Immersive theatre is the current frontier of theatre practice and is yet to be concisely defined accurately. Definitions that we have encountered were non-specific and fail to pin down all aspects of what can or does contribute to an immersive performance:

immersive is not a one-size-fits-all model. Some shows use new technologies; many don’t. Some are one-on-one experiences; others are large scale. Some take place in an enclosed venue; others use the entire city or use landscape as their set. Some use text and others don’t.”[2]Lynn Gardner, The Stage

Often they focused solely upon one aspect such as the importance of the design or the audience agency without acknowledging the importance of both or other elements that contribute to the whole:

making a good immersive show is difficult and…teeters on the balance between scripted-events and audience-freedom…[how to] empower the player while maintaining a satisfying narrative structure.”[3] - Thomas McMullan, The Guardian.

Those that watch and critique immersive performances will often have an entirely unique perspective on the experience due to the nature of these shows. Those that create immersive theatre shows have a specific practice that they have developed and so define through the lens of their own work which is often entirely different to that of other immersive practitioners:

A water analogy of being submerged in another medium can help to describe and define immersive performance practice…immersive performance usually provides stimulation for multiple senses, not only sight and sound.” [4] - The Punchdrunk Encyclopaedia

Kingston describes four types of immersive theatre shows[5] that he has defined to help decode what he is seeing and what techniques a theatre company is using to immerse an audience.

The Grand Narrative

The Game

Carousel

Sandbox

Large fragmented narrative. Most of the audience will not see the entire show as it will be “too big to follow the entire story all in one go.[6] 
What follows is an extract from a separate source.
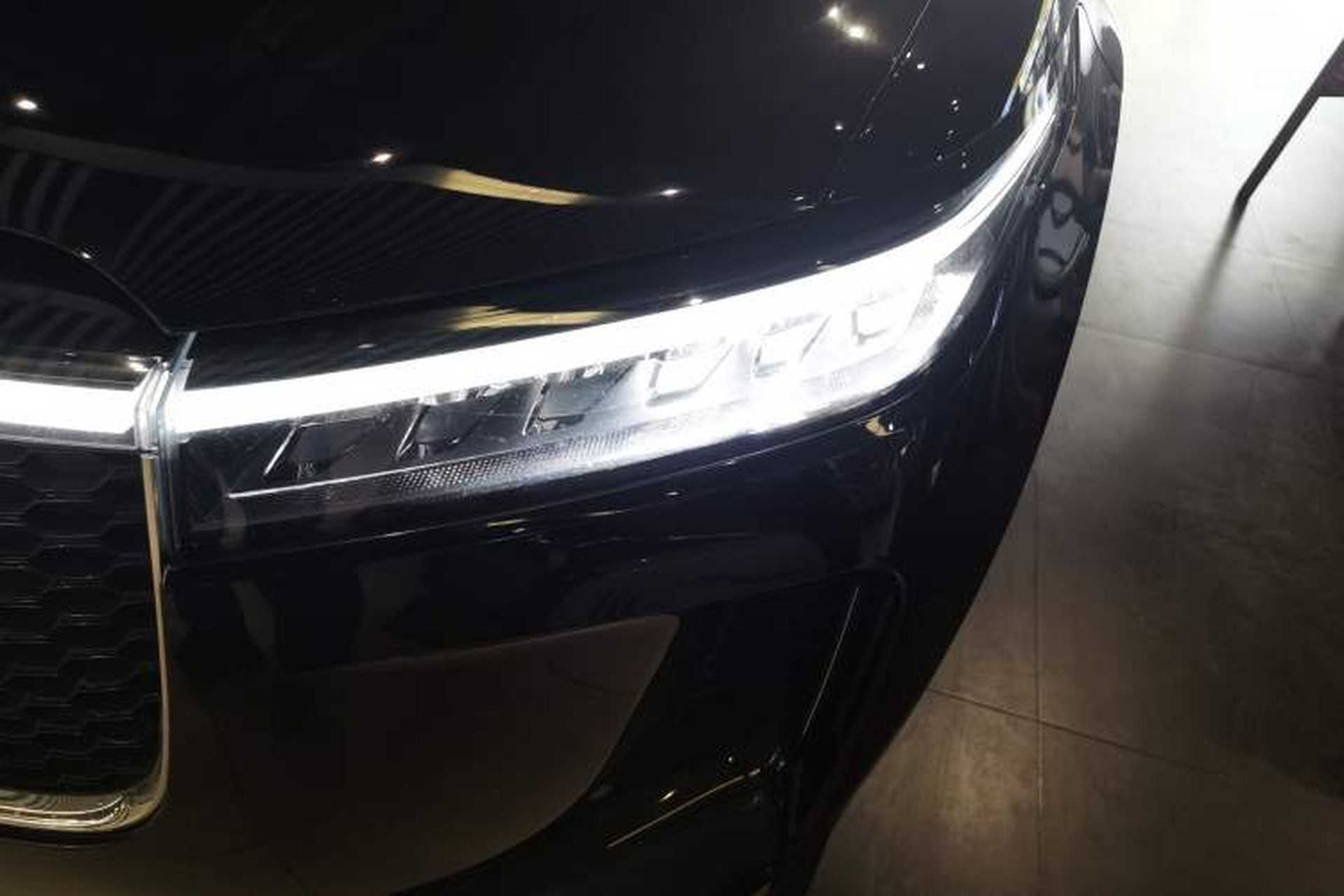 Used Li Auto ONE 2020 Extended-Range 6-Seater Version Left Front Headlight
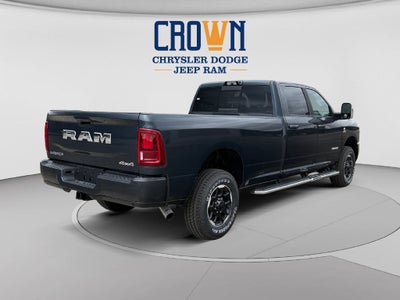 2027 RAM 3500 Laramie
Example - Punchdrunk’s The Drowned Man[7]

Shows that are built around completing a or a series of tasks

Example - Firehazard’s citydash[8]

An audience of any size moves from scene to scene seeing the entire show. Often there will be several audiences who move from scene to scene one after another making them cost efficient for theatre companies but there is usually limited agency.

Example - Les Enfants Terribles’ Alice’s Adventures underground[9]

A space full of opportunities for the audience to interact within an immersive world.

Example - Secret Cinema’s Romeo and Juliet[10]

IMMERSE 101 definition

For the purpose of developing our unique communications practice it was important to find a definition for immersive theatre that can be practically implemented so that we could develop successful work for our clients. As you can see from the definitions above this would never be possible through description alone.

 

We have discovered that all true immersive threatre experiences have an element of the following:

1

The Audience has a sense of agency even if this is contrived.

2

The audience is taken to an alternative reality which expands beyond the physical actuality of the experience’s landscape (that reality may look visually like this one).

3

There is a sense of closure at the end of the show which is satisfactory to the audience in some way (narrative or emotive).

You may recognise that some forms of communications you have encountered already use aspects of these three principles.

 

Not all these three elements will always necessarily play in equal strength throughout an immersive production but all three must be present within an experience to make it immersive.

 

We expand upon the principles in our internal Handbook.

[1] Interview with Owen Kingston, Artistic Director of Parabolic Theatre Company. Conducted on Tuesday 10th September 2019 at The Collab Factory, London

[2] Gardner, L [2018] Is immersive theatre growing up or growing too big, too quickly? [Online] Available at: https://www.thestage.co.uk/features/2018/immersive-theatre-growing-growing-big-quickly/ [Accessed June 3rd 2018]

[3] McMullan, T [2014] The immersed audience: how theatre is taking its cue from video games [Online] Available at: https://www.theguardian.com/technology/2014/may/20/how-theatre-is-taking-its-cue-from-video-games [Accessed 15th October 2019]

[4] Machon, J. 2019. The Punchdrunk Encyclopaedia. 1st edition, Routledge, Abingdon

[5] Notes taken at SANDBOX [28th-29th September 2019] A Gunpowder Plot Symposium: Immersive worlds and playable spaces [Potemkin Theatre, London]

[6] Notes taken at SANDBOX [28th-29th September 2019] A Gunpowder Plot Symposium: Immersive worlds and playable spaces [Potemkin Theatre, London]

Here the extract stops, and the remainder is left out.